Ever since the mid-1800s--when the women's suffrage movement pitted white women's and black men's voting interests against one another--black women have known they are the heirs of a dual inheritance: racism and sexism. It's a taxing inheritance that has been the subject of much scrutiny and critique. In Having It All: Black Women and Success, writer Veronica Chambers adds class to the race-gender mix and revisits the well-traveled turf of black female experience to explore how professional women navigate their tony lifestyles, despite lingering racism and sexism in society.

The book begins engagingly enough. "For a long time" Chambers notes, "the media portrayed [successful Black women] as glorious exceptions to the welfare mother rule. But ... the news is this--in a single generation, Black women's lives have improved vastly on key fronts: professionally, academically and financially." She then cites a prominent 2000 study, which found that the number of black women who earned college degrees had increased by a whopping 73 percent over the previous decade--compared with a 47 percent increase for African-American men.

Through interviews with upper middle-class, well-educated professionals, Chambers examines how black women have "changed our perception of ourselves [and] we're changing America's perception of us, too" Oddly, perceptions have changed so much that many of the women's stories are rather unremarkable.

We meet attorney and jet-setter Crystal Ashby, who admits that she has "more money than my mother ever dreamed of earning." Computer software developer Donna Auguste says as long as you can "deliver the results," race and gender have little bearing on professional achievement.
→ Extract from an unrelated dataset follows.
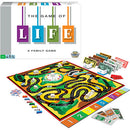 The Game of Life board game by Winning Moves featuring a colorful game board with winding paths, plastic pegs, play money, and game pieces. The box showcases the title and indicates it is a family game, perfect for players of all ages to enjoy strategy and chance.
Journalist Angela Kyles notes that while interviewing for jobs abroad, she wasn't regarded as a "Black woman" And so on. Sure, finding black male companionship can be a challenge. There's the guilt that comes with having too few African-American friends. And it's lonely being the only black face at the tennis club. But haven't many of us heard this before?

If you read Leanita McClain's A Foot in Each World, Brent Staples' Parallel Time, dozens of post-Civil Rights memoirs, or anything Lawrence Otis Graham has ever committed to paper, you've essentially read Having It All. If you're not familiar with books about the lives of the black elite, and you're an isolated prep school grad/Ivy League coed who thinks you're the only black girl who speaks Russian and has an interest in studying Japanese architecture, and who still doesn't know that your foremothers have already paid the price of your ticket, well, then Having It All may just be the permission you need to soar.

--E. Assata Wright is a freelance writer living in Jersey City, N.J.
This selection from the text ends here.